Immediately Absalom’s rebellion was put down, yet another rebellion arose. And guess who was behind it? Right. That would be “a worthless man, whose name was Sheba, the son of Bichri, a Benjamite”. This particular rebellion was put down near-bloodlessly, but only because a wise woman from the tribe of Naphtali brokered a peace arrangement in which only rebellious Sheba lost his life.

Finally, Psalm 7 records David going through an agony of self-examination before God. At this point it should hardly surprise us to find that it is verbal abuse from “Cush, a Benjamite” that prompts these recriminations. David stands accused of repaying his friends with evil and plundering his enemy without cause, something of which he believes he is not guilty.

So then, when David’s kingdom struggled internally and when David struggled personally, it was almost always Benjamites who were to blame.

Missing the Point

This back-and-forth rivalry between Judah and Benjamin and the bloodshed to which it led are features of the books of Samuel entirely obvious to attentive readers. I was not among their number, having missed the major theme of tribal politics probably the first ten times I read through these great books of history. I was caught up in the more personal elements of the story, and predisposed from years of exposure to Sunday school curriculum and “relevant” youth group studies to look for the application to my own life rather than at the broader messages of the Old Testament. It took repeated readings for some of the books’ more subtle lessons to drop.
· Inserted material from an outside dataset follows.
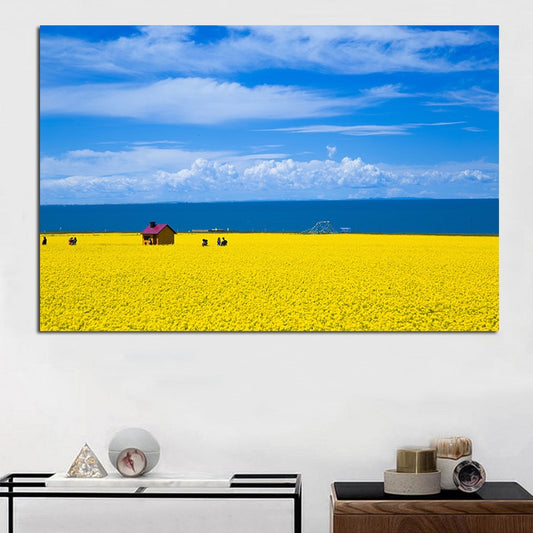 Blue Sky and White Clouds Pastoral Scenery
All well and good, you say, but where’s the ironic ending?

Well, after eighty years or so under the house of David and the tribe of Judah, ten tribes saw fit to abandon the worthy project of a united Israelite kingdom and reject the rule of the Davidic line. So the people of Israel told David’s grandson, “What portion do we have in David? We have no inheritance in the son of Jesse. To your tents, O Israel! Look now to your own house, David.” And Israel went to their tents, says the writer of the book of Kings.

Here Comes the Irony

So now here comes the irony. Guess which tribe it was out of all Israel that stayed aligned with Judah? You’ve got it: Benjamin, who had been a thorn in Judah’s side for more than forty years out of that period. Parts of other tribes, and individuals discontented with Jeroboam’s abandonment of temple worship and the moral values of the Davidic and Solomonic kingdoms would later join them, but Benjamin was the only tribe to stick with Judah from the very start, the only tribe to remain loyal to the house of David. Benjamin would remain part of the kingdom (and later the nation) of Judah right up until the destruction of Jerusalem in AD70.

Isn’t that fascinating? The peculiarities of human nature and group dynamics are endlessly mysterious to me. I am admittedly reading between the lines here, but I can only conclude that David’s repeated acts of generosity, forgiveness and fairness toward the tribe of Benjamin, and his steadfast refusal to return evil for evil, eventually broke down their natural antipathy toward David and Judah, and produced in them an unconditional loyalty to the house of David. Solomon would learn this lesson from his father, writing “A soft tongue will break a bone” and “A soft answer turns away wrath”, both of which thoughts anticipate the teaching of the New Testament writers about personal relations, and that of the Lord himself.

Lessons for the People of God

But it also suggests some other things about our own interpersonal battles with our brothers in Christ today which may be worth remembering:
  • Not all good relationships start well.
  • A bad relationship doesn’t have to be bad forever.
  • Conflict often helps us discover other people’s good points if we are open to seeing them.
  • An enemy truly converted is the most loyal of friends.
Not bad lessons to learn when dealing with the people of God today, who are really not terribly different from the people of God in any other era.